Não morreu, como Dustin Brown provou majestosamente nesta quinta-feira, no palco dos palcos do tênis mundial, diante de um bicampeão de Wimbledon. Mas o saque-e-voleio tampouco sai do leito de morte, sinto informar. O contraste de estilos entre o jogo agressivo do alemão de pai jamaicanos e o fundo de quadra de Rafael Nadal ficou mais do que evidente. E, quando tudo joga a favor, tem-se um espetáculo protagonizado por alguém talentosíssimo como Brown. Mas que ninguém se engane: dias assim nada mais são do que, mantendo a metáfora moribunda, um paciente reagindo a um desfibrilador.

Existe um motivo para o saque-e-voleio ter dominado o circuito por tanto tempo e nem é tão difícil explicar. Raquetes eram mais pesadas, com cabeças menores e cordas de materiais naturais (como tripa de vaca). Isso significava menos potência, menos efeito gerado nas bolas e mais erros. Logo, quem subia à rede primeiro e voleava de forma competente forçava o adversário a jogadas improváveis – fossem devoluções de saque ou passadas no meio de ralis. Some isso tudo com a grama, piso que dá menos tempo de reação ao tenista que está se defendendo e era superfície em três dos quatro Slams até 1974 (o US Open adotou o saibro em 75, e o Australian Open mudou para o piso duro em 1988).
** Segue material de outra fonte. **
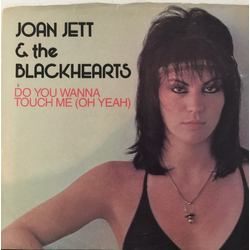 Joan Jett & The Blackhearts Do You Wanna Touch Me (Oh Yeah) Vinyl 7" USED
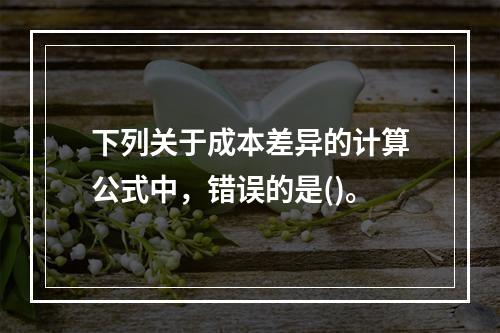 下列关于成本差异的计算公式中，错误的是()。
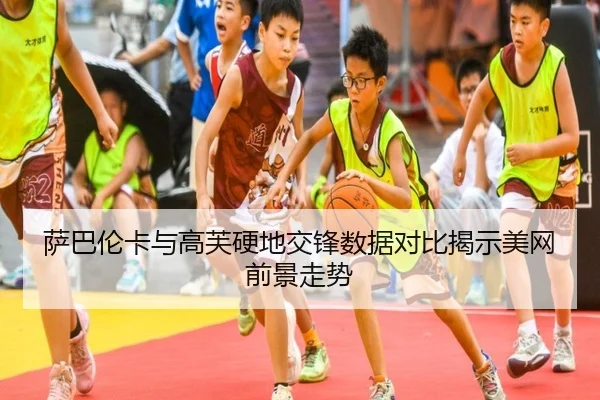 萨巴伦卡与高芙硬地交锋数据对比揭示美网前景走势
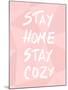 Stay Home Stay Cozy-Anna Quach-Mounted Art Print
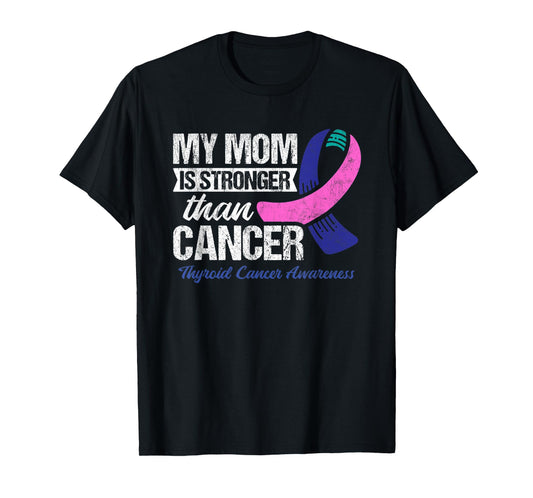 My Mom Is Stronger Than Cancer Thyroid Cancer T-Shirt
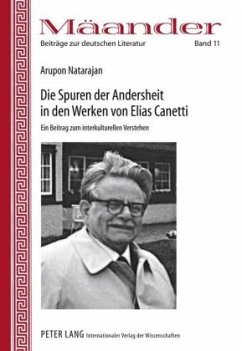 Die Spuren der Andersheit in den Werken von Elias Canetti - Natarajan, M. K.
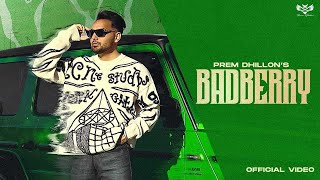 BADBERRY Full Video Prem Dhillon  RASS  Japjeet Dhillon  Limitless Album  New Punjabi Song [upl. by Anahir931]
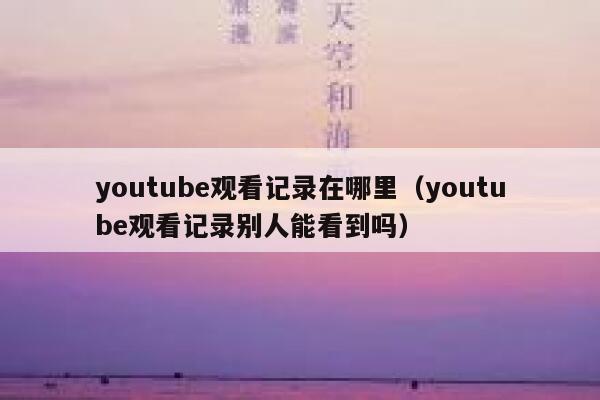youtube观看记录在哪里（youtube观看记录别人能看到吗） 第1张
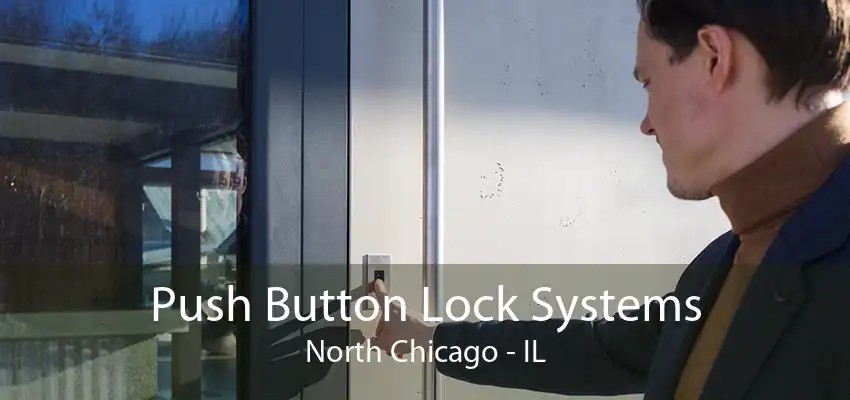 Push Button Lock Systems North Chicago - IL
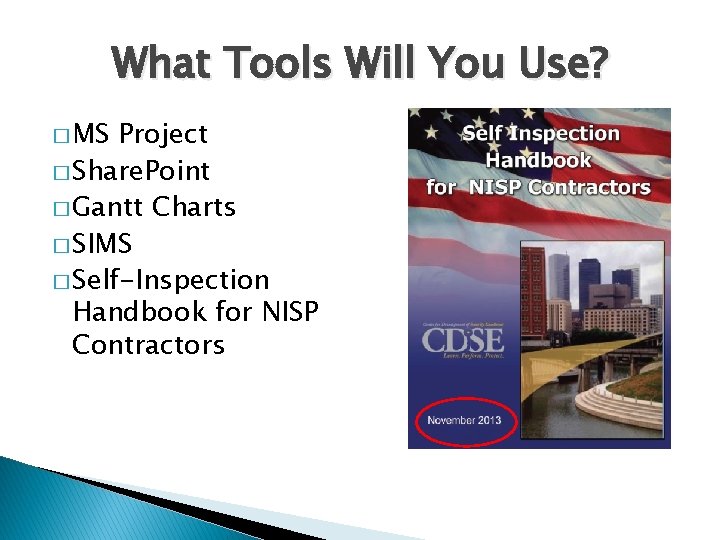 What Tools Will You Use? � MS Project � Share. Point � Gantt Charts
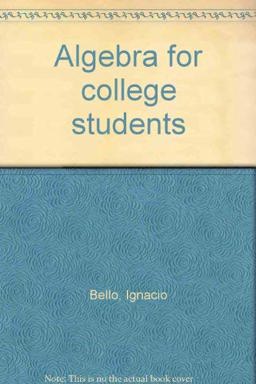 Algebra for College Students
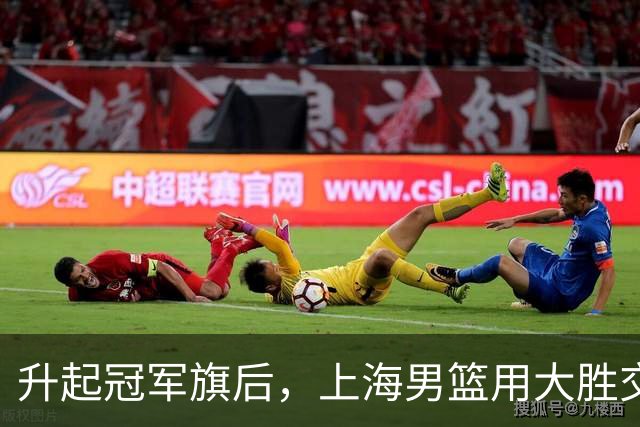 升起冠军旗后，上海男篮用大胜交出赛季首张答卷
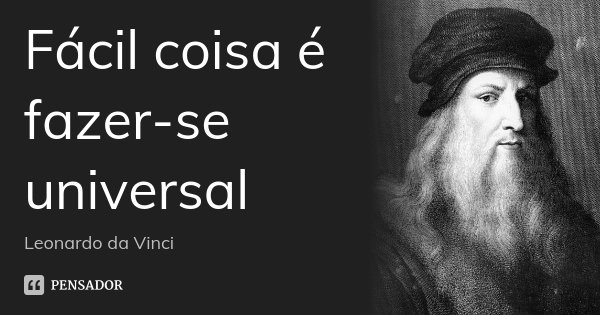 Fácil coisa é fazer-se universal... Frase de Leonardo da Vinci.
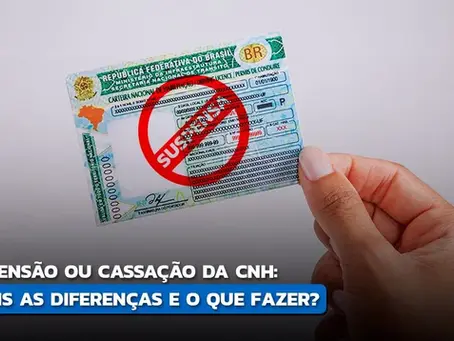 Cassação da CNH. Entenda!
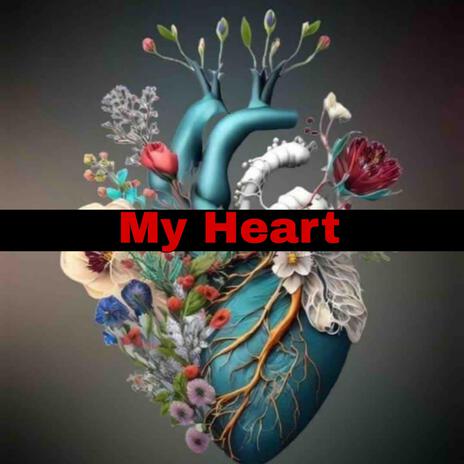 My Heart | Boomplay Music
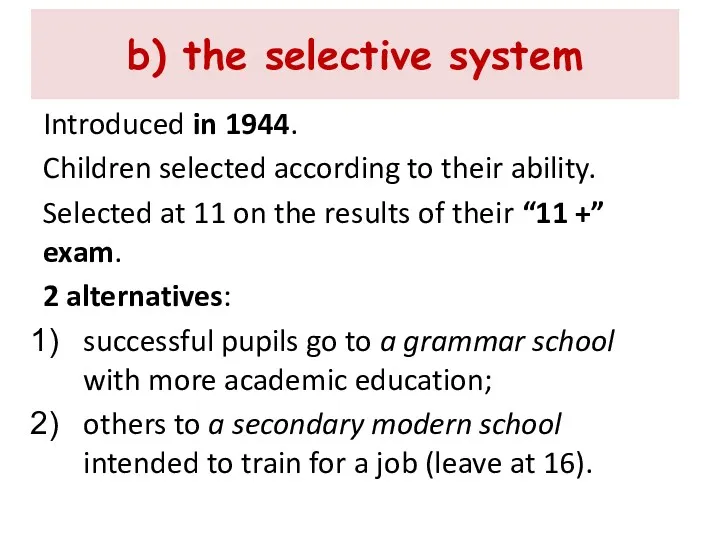 b) the selective system Introduced in 1944. Children selected according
Já dá para entender, não?

Eis que chega, então, a modernidade. As raquetes ficaram mais leves e com cabeças maiores. As cordas passaram a gerar mais potência e spin. Os torneios trocaram a grama por pisos sintéticos (de manutenção mais simples e barata) e, na maioria dos casos, mais lentos. Logo, sacar e volear foi perdendo seu propósito. Pete Sampras, aposentado desde 2002, foi o último grande expoente do estilo. Andre Agassi, ainda que some mais derrotas do que vitórias diante do compatriota e contemporâneo, já mostrava que era possível anular o saque-e-voleio.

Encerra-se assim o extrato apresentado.